For investors and operators trying to anticipate when physical AI autonomy becomes real, these are the specific metrics flagged by two independent forecasters as their key leading indicators — worth adding to any AI macro dashboard.

"I'd want a line on a graph showing improvement of robotic hands, and another line showing the rate at which we're manufacturing humanoid robots" — and Timothy B. Lee: "the number of robots, their capabilities, and particularly their cost and repairability."


6. Overlooked Insights

Overlooked Insight 1: Human Training Narrowed But Did Not Close the AI Persuasion Gap — Which Implies a Permanent Structural Advantage

The coaching study is briefly noted but carries a significant implication: even when humans were shown AI transcripts, given coaching tools, and could see exactly what the AI would have said at every turn, they still couldn't match it. This is not a skills gap that closes with practice — it's a structural throughput advantage.

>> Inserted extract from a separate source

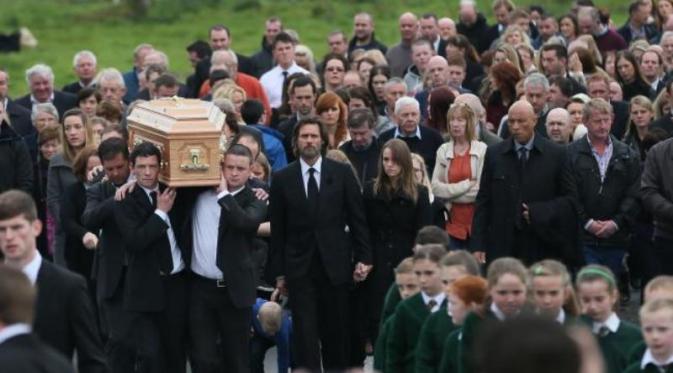 Jim Carrey hadiri pemakaman mantan pacar yang bunuh diri. (dok. News.com.au)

"Coaching therefore narrowed but did not close the human–AI gap."

This matters for anyone assuming that humans will "level up" to compete with AI persuaders over time through training and experience. The evidence suggests the gap is architectural, not experiential.


Overlooked Insight 2: Multi-Agent Coordination as an Underexplored ASI Pathway

DeepMind's fourth pathway to ASI — many general intelligences self-organizing into emergent "super-institutions" — receives the least discussion in the article but may be the most near-term plausible, given that multi-agent AI frameworks are already being deployed commercially.

"Many general intelligences could coordinate into complicated structures whose aggregate is greater than the sum of the parts, similar to how humans build institutions that can accomplish things far beyond what individuals can, like building space stations."

This pathway requires no breakthrough in individual model capability — only better coordination infrastructure — making it potentially closer than the RSI or algorithmic-shift pathways.